Wednesday, January 23, 2008

Bonus Post! Blather on Genre!

Preamble: If you want to read Carolyn Miller's "Genre as Social Action," on which I comment in this post, it can be found on the Internet for free in incomplete form, or in a 1984 edition of the Quarterly Journal of Speech. If you read it, I cannot be held responsible for bruises and contusions you may receive as you fall alseep reading it. This essay, I imagine, has left many inert bodies and bonked heads in its wake.

I will admit, wrapping my saber-tooth tiger skin more tightly around me as I squat by the fire burning deep inside my cave, that, to me, genre has never meant very much outside of a vague notion that, like the dinosaurs and proto-mammals stomping and slithering about outside, bits of writing fall into different categories: Good or bad (both in taste and temperament).

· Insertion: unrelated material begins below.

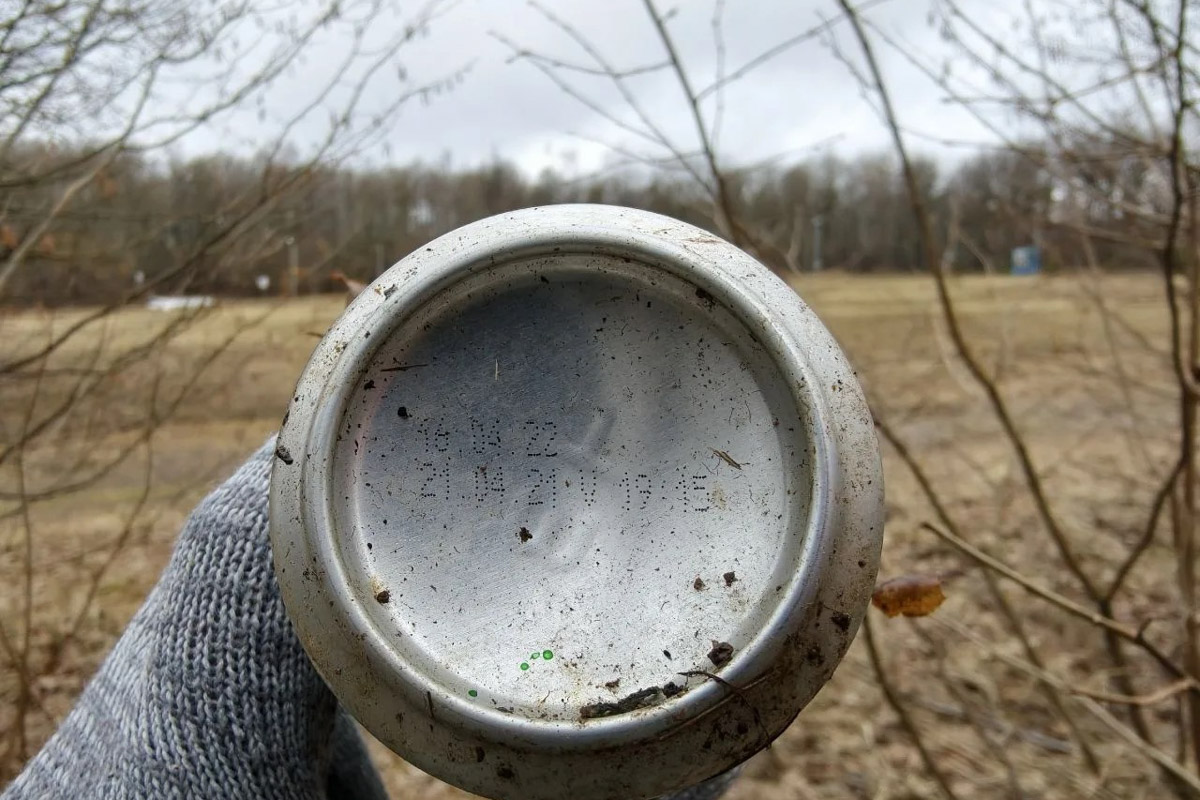 Вы уже успели в этом году выйти на субботник и навести порядок хотя бы около своего дома? Если нет, то сейчас самое время. Пример уже показал Чистомэн, недавно посетивший Владимир. Популярный челябинский экоблогер собрал четыре мешка с фантиками и бутылками и дал свою оценку чистоте владимирских парков и улиц.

But because even the dimmest Cro-Magnon can be induced to learn, I carry deep inside my skull the idea that writing – beyond my taste in it – falls into general categories: The novel, the essay, the short story, the poem, the article. There is of course a miscellany of writings that may very well constitute other genres, but to be frank, pigeonholing them has never interested me all that much. Perhaps that is because the benchmarks that set a novel apart from a poem, an essay apart from a short story, are stark and easy to recognize, while the differences between a progress report and a letter of recommendation are more subtle, or as is more likely, outside my range of interest. Shame on me.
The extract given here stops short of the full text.